Assume that we have this index in OpenSearch:

 {
    "settings": {
        "index.knn": True,
        "number_of_replicas": 0,
        "number_of_shards": 1,
    },
    "mappings": {
        "properties": {
            "title": {"type": "text"},
            "tag": {"type": "text"},
            "e1": {
                "type": "knn_vector",
                "dimension": 512,
                "method": {
                    "name": "hnsw",
                    "space_type": "cosinesimil",
                    "engine": "nmslib",
                    "parameters": {"ef_construction": 512, "m": 24},
                },
            },
            "e2": {
                "type": "knn_vector",
                "dimension": 512,
                "method": {
                    "name": "hnsw",
                    "space_type": "cosinesimil",
                    "engine": "nmslib",
                    "parameters": {"ef_construction": 512, "m": 24},
                },
            },
            "e3": {
                "type": "knn_vector",
                "dimension": 512,
                "method": {
                    "name": "hnsw",
                    "space_type": "cosinesimil",
                    "engine": "nmslib",
                    "parameters": {"ef_construction": 512, "m": 24},
                },
            },
        }
    },
}

And we want to perform a search over all the fields (approximate knn for the vector fields). What would be the correct way to do this in OpenSearch?

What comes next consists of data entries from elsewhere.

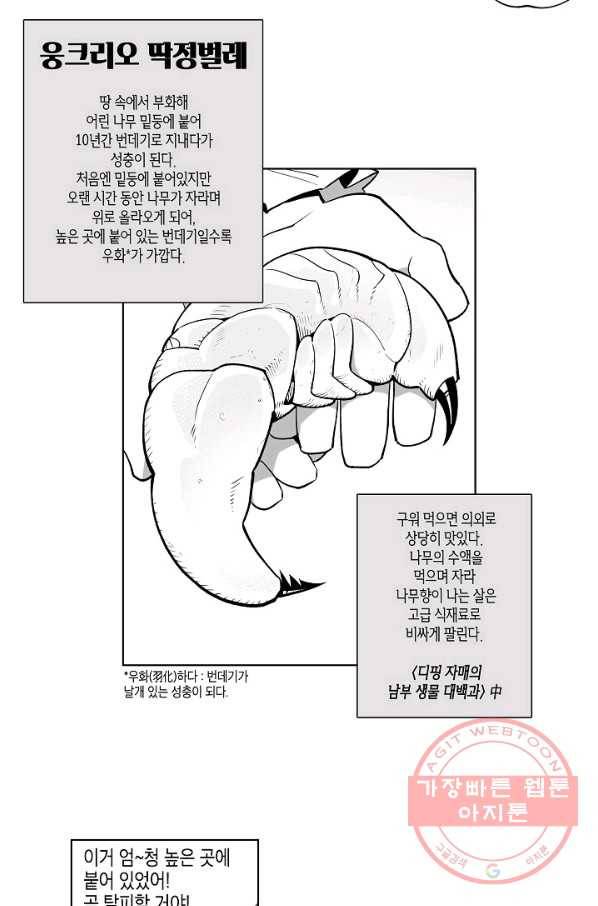 용의 귀로 3화 바다와 땅과 딱정벌레 15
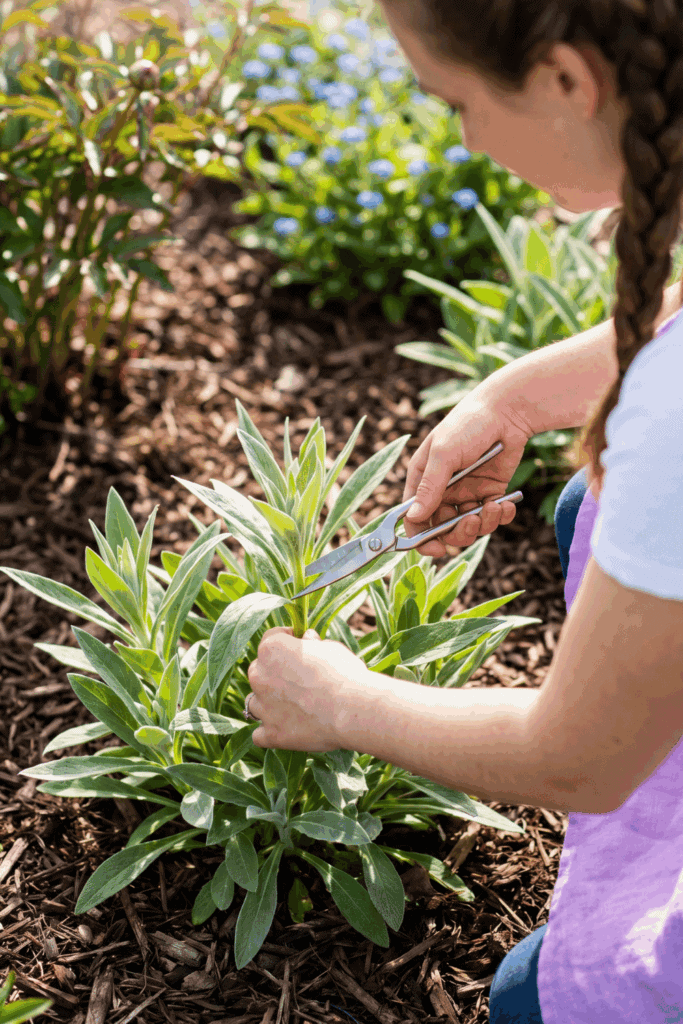 Miss May, Miss Out—10 Perennials That Are Almost Too Easy to Propagate from Cuttings Right Now 3
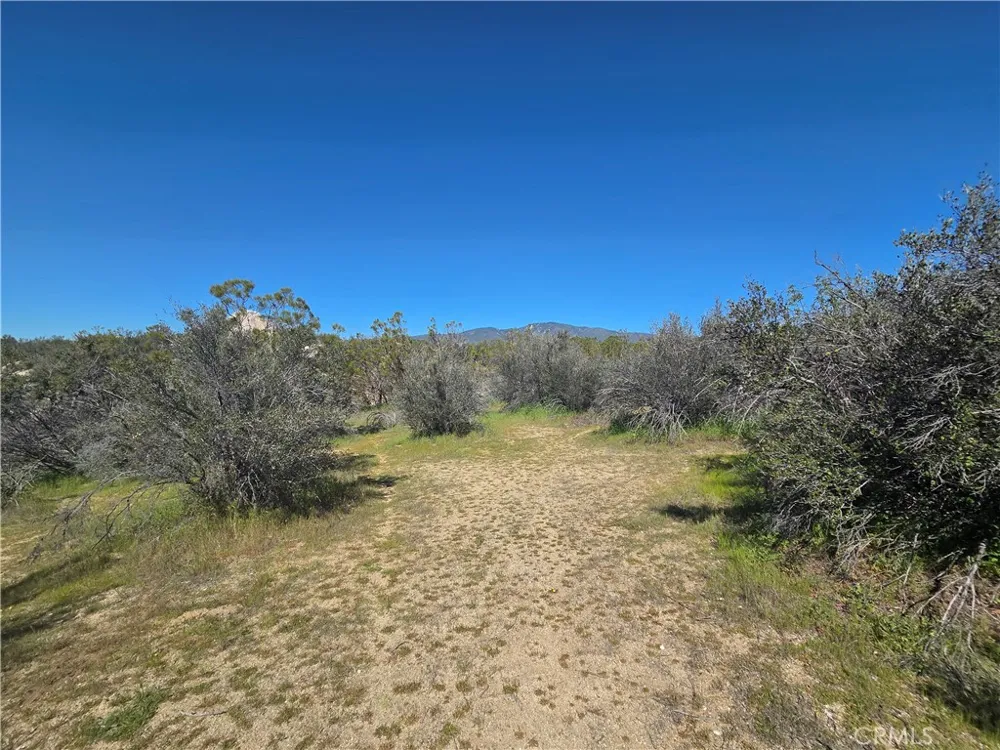 Pony Trail Anza, CA 92539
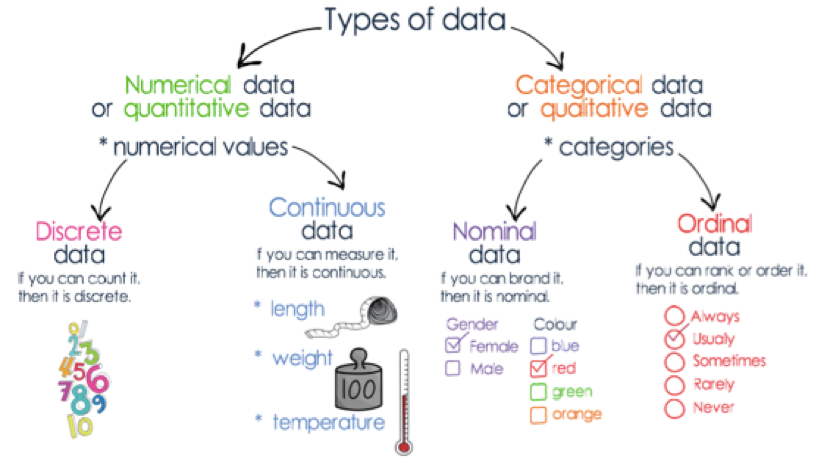 Data examples. Categorical data данные. Data Types. Nominal and Ordinal data. Categorical and numerical.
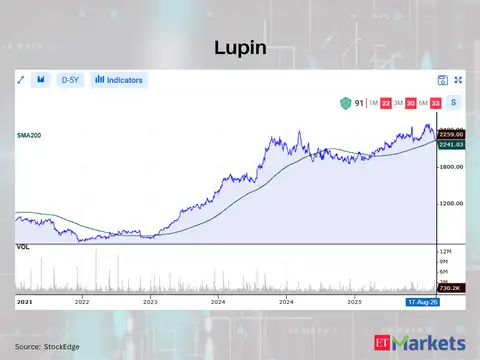 Lupin 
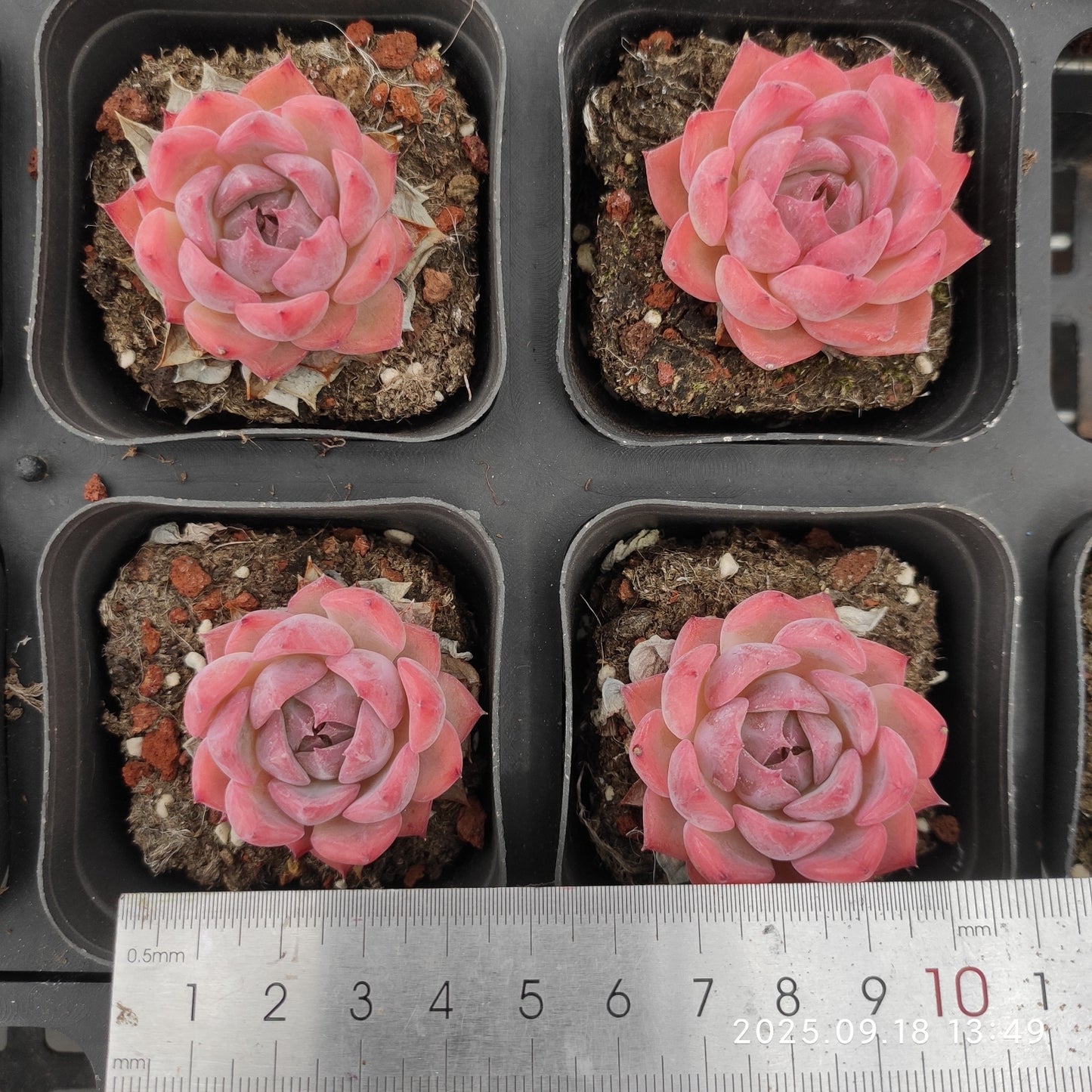 LMM362 キャンティクル(6.5cm pot)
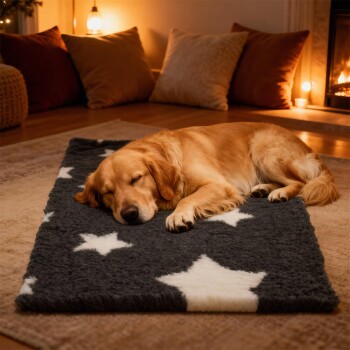 Golden Retriever schläft auf einem dunkelgrauen, sternenmusterbezogenen Haustierbett in einem gemütlichen Wohnzimmer mit warmem Licht.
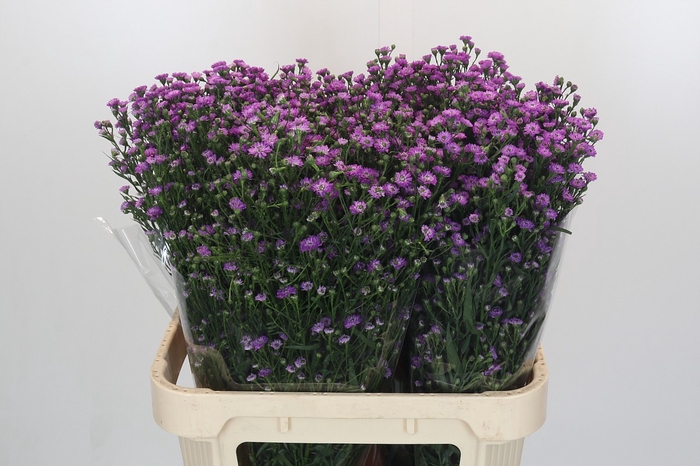 <h4>Aster Baby Pink</h4>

I have this query that works but I'm not sure if it is the correct way of doing this and if it uses approximate knn:

{
    "size": 10,
    "query": {
        "bool": {
            "should": [
                {
                    "function_score": {
                        "query": {
                            "knn": {
                                "e1": {
                                    "vector": [0, 1, 2, 3],
                                    "k": 10,
                                },
                            }
                        },
                        "weight": 1,
                    }
                },
                {
                    "function_score": {
                        "query": {
                            "knn": {
                                "e2": {
                                    "vector": [0, 1, 2, 3],
                                    "k": 10,
                                },
                            }
                        },
                        "weight": 1,
                    }
                },
                {
                    "function_score": {
                        "query": {
                            "knn": {
                                "e3": {
                                    "vector": [0, 1, 2, 3],
                                    "k": 10,
                                },
                            }
                        },
                        "weight": 1,
                    }
                },
                {
                    "function_score": {
                        "query": {
                            "match": {"title": "title"}
                        },
                        "weight": 0.1,
                    }
                },
                {
                    "function_score": {
                        "query": {"match": {"tag": "tag"}},
                        "weight": 0.1,
                    }
                },
            ]
        }
    },
    "_source": False,
}

In other words, I want to know how this which is for ElasticSearch can be done in OpenSearch.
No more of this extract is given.